With back-to-back wins at the Australian Open, his Badds.com website and his I'm-out-to-beat-Tiger-Woods media message, Aaron Baddeley casts a long shadow. For now, Adam Scott is perfectly happy to reside within it.
Take away the glitz, though, and the two 20-year-old boy wonders from Down Under have much in common. Both have won a European tour event this year. Both have stylish swings built for distance. Both are 6'1" and 176 pounds. At the Honda Classic, Baddeley missed his ninth cut in a row on the PGA Tour shooting 76-69, while Scott made his first cut in four tries in the U.S., finishing a solid 13th, five shots behind winner Jesper Parnevik.
Baddeley was hardly discouraged. "You've got to view it as, I'm not going to play well in all of them," he said, putting some positive spin on his early exit even though he is now 40 over par in 22 Tour rounds. His next start will be at the Masters to which he received a special invitation on March 5.
The reserved Scott had little to say about his play at the Honda. He wasn't invited to Augusta but will play this week at Bay Hill, where he will get another chance to gain ground on Baddeley's Q rating.
Baddeley is almost a parody of the puffed-up modern athlete. Packaged by Nike, he has a swing coach, a personal trainer, a nutritionist and, at the Honda, two publicists. Badds.com is chock-full of exclamations ("Q: 'Do you sing while walking down the fairway?' A: 'Yes...always!' ") and apprises fans of Baddeley's affinity for the band Powderfinger, algae bars and Britney Spears, as well as his abhorrence of bad fashion. Anticipating that he will soon earn a Tour card, Baddeley has bought a condo at Grayhawk Golf Club in Scottsdale, Ariz., where he joins Phil Mickelson in high-stakes games.
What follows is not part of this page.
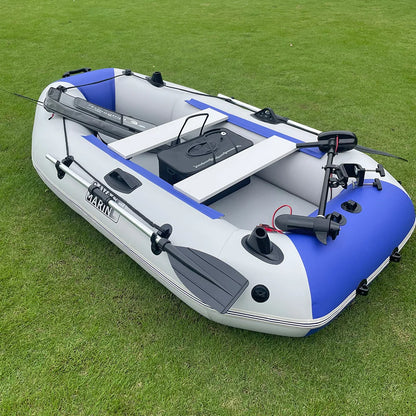 2.3M 3 Person Inflatable Fishing Boat 7.5ft Rowing Kayak Canoe Air Floor With Free Accessories Dinghy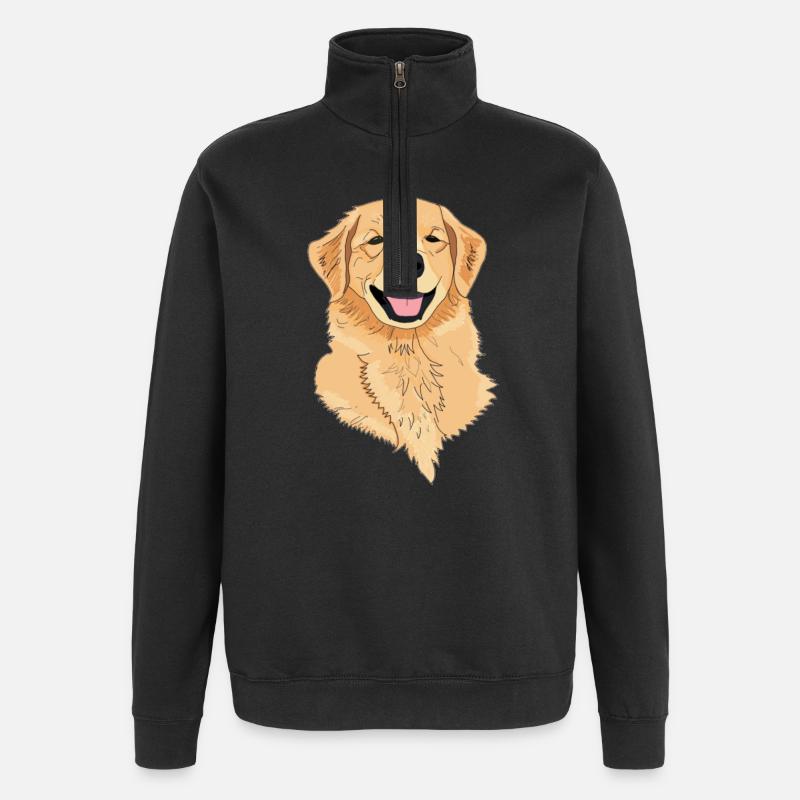 Hund Golden Retriever - Quarter-Zip-Sweatshirt - Schwarz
Scott's intense but understated approach is closer to the traditional Australian sports ethos. The best Scott's agent, Anthony Castellaro of IMG, can do when asked to name his client's most distinguishable characteristic is say that Scott "hates cheese." But there's more to the young man than that. Scott says he is interested in fashion. (He endorses the same apparel company, J. Lindeberg, as retrochic Parnevik but prefers classic ensembles.) Above all, fellow Australians consider Scott to be easy company.
Among his peers, Baddeley's self-assuredness is wearing thin. "The kid is up himself," says one Aussie pro. Butch Harmon, Scott's swing coach, let Baddeley have it in January. "He's a nice enough young man, but he's a bit full of himself," Harmon said.
Baddeley responded by winning the Greg Norman Holden Invitational two weeks later for his third pro victory, further testimony to his knack for the dramatic. (He was 18 when he beat Norman and Colin Montgomerie while winning the '99 Australian Open.) On Tour his swing is much admired. "He's fundamentally one of the most sound players you'll see," says Mickelson.
Scott's swing, taught to him by his golf-pro father, Phil, is equally impressive. In speed, shape and follow-through it bears a striking resemblance to Woods's. Last year at the European tour stop in Belgium he led the field in driving distance and accuracy. "He's a world-beater," says Dean Robertson of Scotland, who narrowly lost to Scott at the Euro tour's Alfred Dunhill Championship in Johannesburg in January. "Adam will win majors. He'll compete against Tiger. Maybe not right now but soon."
Scott downplays any rivalry with Baddeley. "I don't mind that he has gotten more attention," he says. "He has won a bit more. He has high expectations for how he plays over here."